Since **p < 0.05** (actually ≈ 0.00000), we have **strong evidence against H₀**.

---

### 🔹 Step 3: Decision

✅ **Reject the null hypothesis (H₀).**

---

### 🔹 Step 4: Biological Interpretation

The result indicates a **highly significant change** in the measured variable after treatment.  
Because the **t-statistic is negative (-9.181)**, it means that the **post-treatment values are higher** than the pre-treatment ones (if the differences were defined as *pre - post*).  

In biological terms, this suggests that the **treatment produced a measurable effect** — for instance, gene expression, metabolite levels, or response markers have significantly changed after the intervention.

> 💡 *Tip for Students:*  
> A paired t-test tells you **whether** the change is statistically significant,  
> but not **how large** or **biologically meaningful** the change is.  
> For that, always inspect the data visually (boxplots, scatter plots) and calculate the **mean difference** or **effect size**.

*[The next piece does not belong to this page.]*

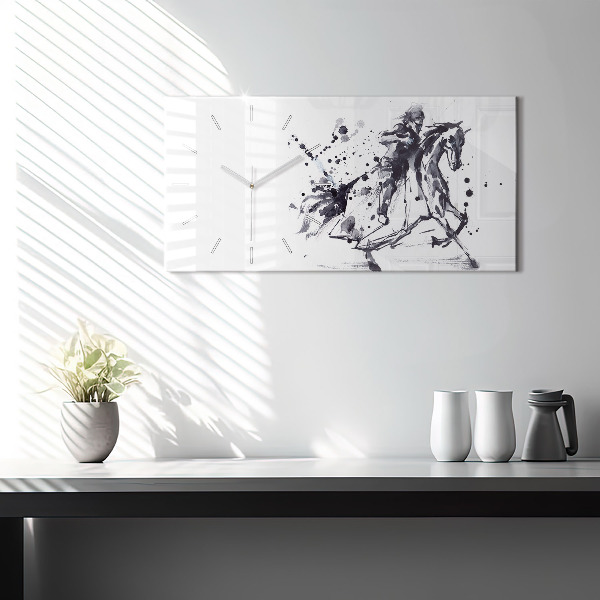 Glass wall clock rectangular Knight on horseback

###Simulation of Mutation Data

In [None]:
# Step 8 — Simulate mutation data for two tumor types

np.random.seed(42)

mutation_df = pd.DataFrame({
    "Tumor_Type": np.random.choice(["Lung", "Breast"], size=100),
    "Mutation_Present": np.random.choice(["Yes", "No"], size=100, p=[0.4, 0.6])
})

print("✅ Mutation dataset created!")
mutation_df.head()


In [None]:
# Step 9 — Create contingency table

contingency = pd.crosstab(mutation_df["Tumor_Type"], mutation_df["Mutation_Present"])
print("Contingency Table:")
display(contingency)


In [None]:
# Step 10 — Perform Chi-square test of independence

chi2, p_chi, dof, expected = stats.chi2_contingency(contingency)

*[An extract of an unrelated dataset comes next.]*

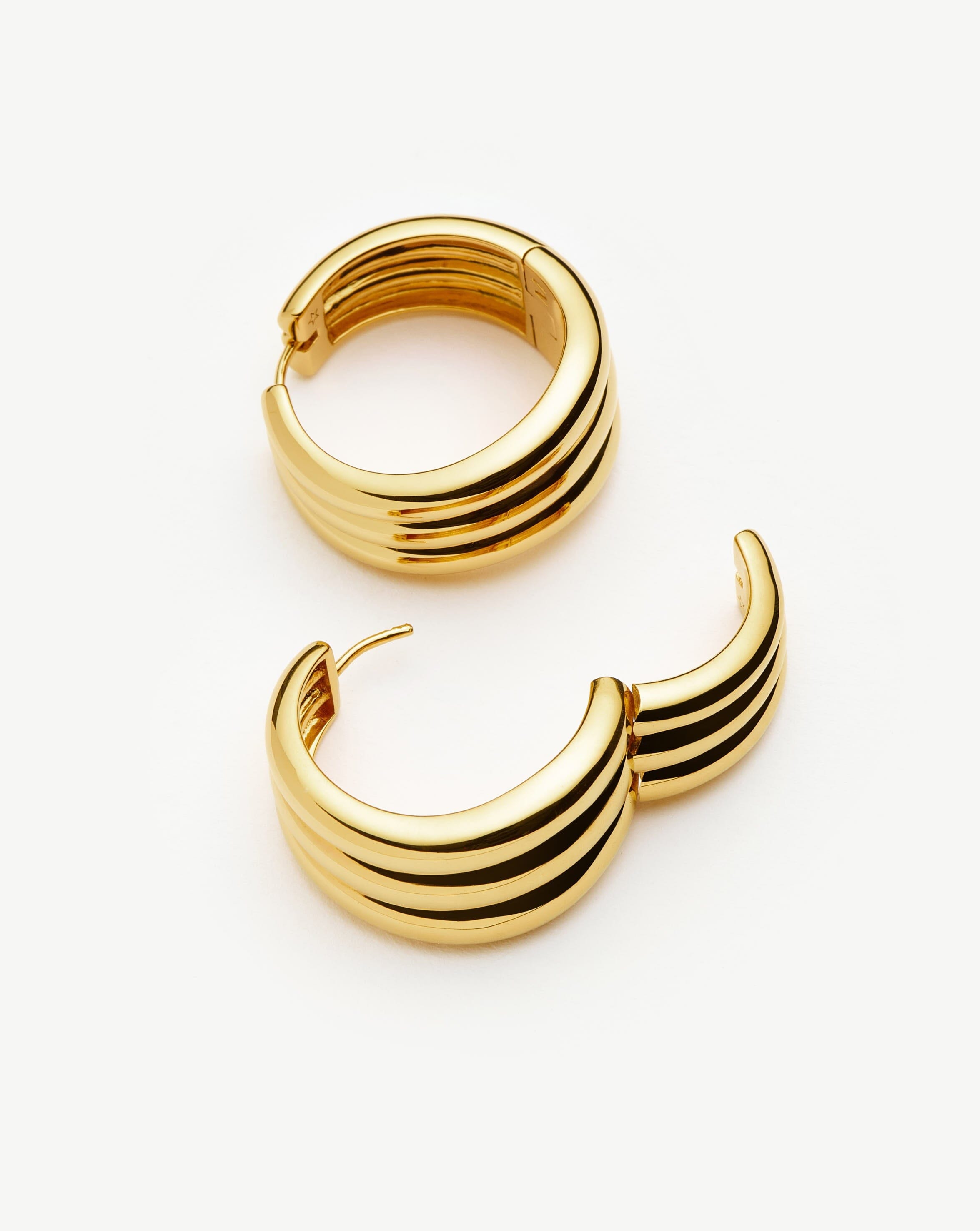 Savi Triple Ridge Large Hoop Earrings | 18ct Gold Plated Earrings Missoma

print(f"Chi-square statistic = {chi2:.3f}")
print(f"Degrees of freedom = {dof}")
print(f"P-value = {p_chi:.5f}")
print("\nExpected frequencies:")
display(pd.DataFrame(expected, index=contingency.index, columns=contingency.columns))


## 📖 Interpretation of Chi-square Test Results

We obtained:

- **Chi-square statistic = 0.474**  
- **Degrees of freedom = 1**  
- **P-value = 0.49120**

### 🔹 Step 1: Define Hypotheses

- **Null hypothesis (H₀):**  
  Mutation frequency is **independent** of tumor type.  
  (In other words, tumor type has no effect on whether a mutation is present.)

- **Alternative hypothesis (H₁):**  
  Mutation frequency is **dependent** on tumor type.  
  (The distribution of mutations differs between tumor types.)

---

### 🔹 Step 2: Compare p-value with Significance Level (α = 0.05)

Since our **p-value = 0.49120 > 0.05**,  
we **fail to reject the null hypothesis (H₀)**.

This means there is **no statistically significant association** between tumor type and mutation presence in this dataset.

---

### 🔹 Step 3: Interpretation of Expected Frequencies

| Tumor Type | Expected “No” | Expected “Yes” |
|-------------|---------------|----------------|
| Breast | 30.8 | 25.2 |
| Lung | 24.2 | 19.8 |

These are the counts we would expect **if mutation and tumor type were completely independent**.  
The observed values were close to these expected values, which supports the non-significant result.

---

### 🔹 Step 4: Biological Interpretation

From a biological perspective, this result suggests that **mutation occurrence does not differ significantly** between *Lung* and *Breast* tumor samples in our simulated data.

The mutation may therefore occur **randomly across tumor types**, rather than being specific to one type.

> 💡 *Teaching Note:*  
> A **non-significant Chi-square result** does not prove independence; it only means there is **not enough evidence** to claim a relationship exists.  
> Larger datasets or more detailed mutation classification might reveal patterns that small samples cannot detect.